RunDOC allows writers to add text before, or inside the output code block, though I find its syntax for doing so convoluted.

Suppressing command rendering #

In some cases, only the output should be rendered. mdsh supports this as well by executing commands embedded in an HTML comment

<!-- > text $ 
echo "only output" 
-->

PanHandle can also suppress command rendering though with much more effort.

Suppressing output rendering #

An important functionality for me that’s missing from mdsh is the ability to run the command, but suppress output. For example, I may want to direct the user to download a file with curl and have mdsh execute the command to make sure it works, but not to render the output of the command as a separate fenced code block.

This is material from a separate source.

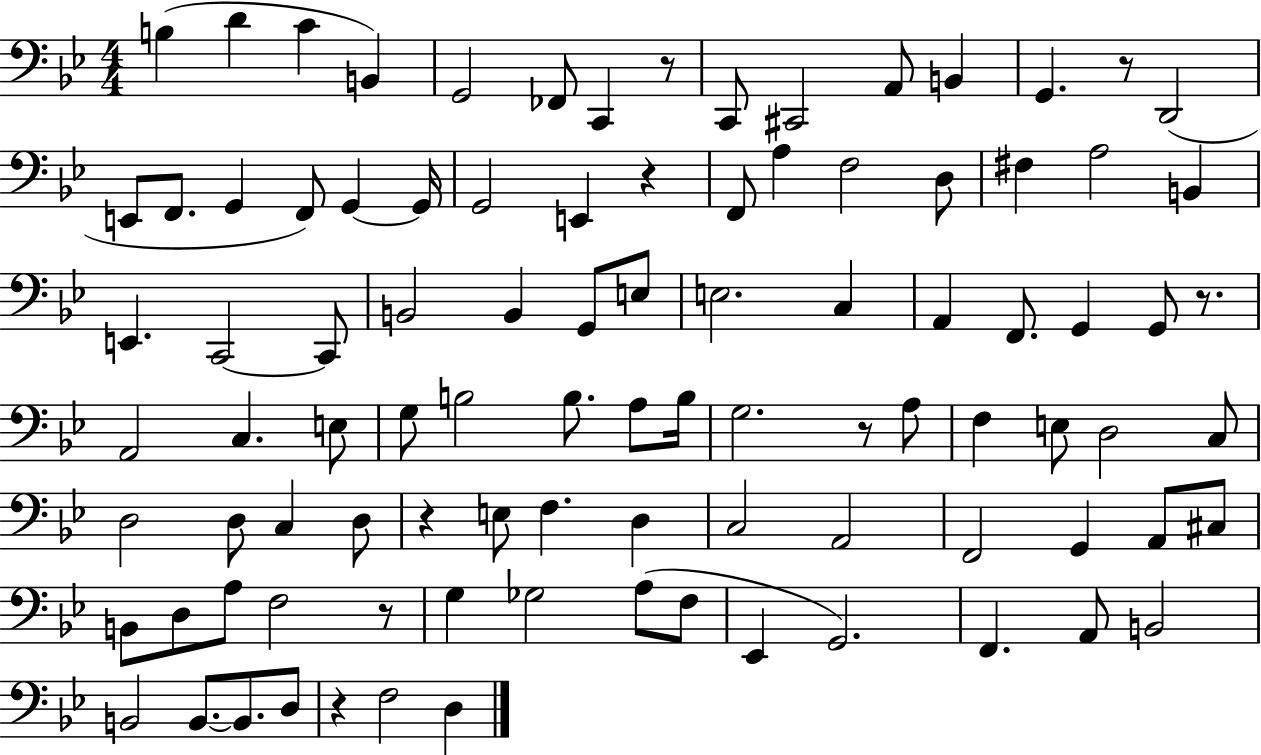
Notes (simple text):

B3/q D4/q C4/q B2/q G2/h FES2/e C2/q R/e C2/e C#2/h A2/e B2/q G2/q. R/e D2/h E2/e F2/e. G2/q F2/e G2/q G2/s G2/h E2/q R/q F2/e A3/q F3/h D3/e F#3/q A3/h B2/q E2/q. C2/h C2/e B2/h B2/q G2/e E3/e E3/h. C3/q A2/q F2/e. G2/q G2/e R/e. A2/h C3/q. E3/e G3/e B3/h B3/e. A3/e B3/s G3/h. R/e A3/e F3/q E3/e D3/h C3/e D3/h D3/e C3/q D3/e R/q E3/e F3/q. D3/q C3/h A2/h F2/h G2/q A2/e C#3/e B2/e D3/e A3/e F3/h R/e G3/q Gb3/h A3/e F3/e Eb2/q G2/h. F2/q. A2/e B2/h B2/h B2/e. B2/e. D3/e R/q F3/h D3/q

Of course, I can suppress curl output with a flag

curl -s ...

or redirect it

curl ... > /dev/null 2>&1

though in both cases this extra syntax is distracting to the reader.

In developing Blocky’s documentation we created a custom Markdoc tag to run bash commands

{% bash code=true output=false %}
curl ...
{% /bash %}

with explicit options to render bash code and its captured output. RunDOC syntax also allows users to control the rendering of code and output independently, while PanPipe and run-code-inline have the means to suppress output.

Failures and Debugging #

Occasionally, we want to document that a particular command fails. ExecMD allows writers to start bash commands with $? and RunDOC with fail.$ to indicate they will return a non-zero exit code.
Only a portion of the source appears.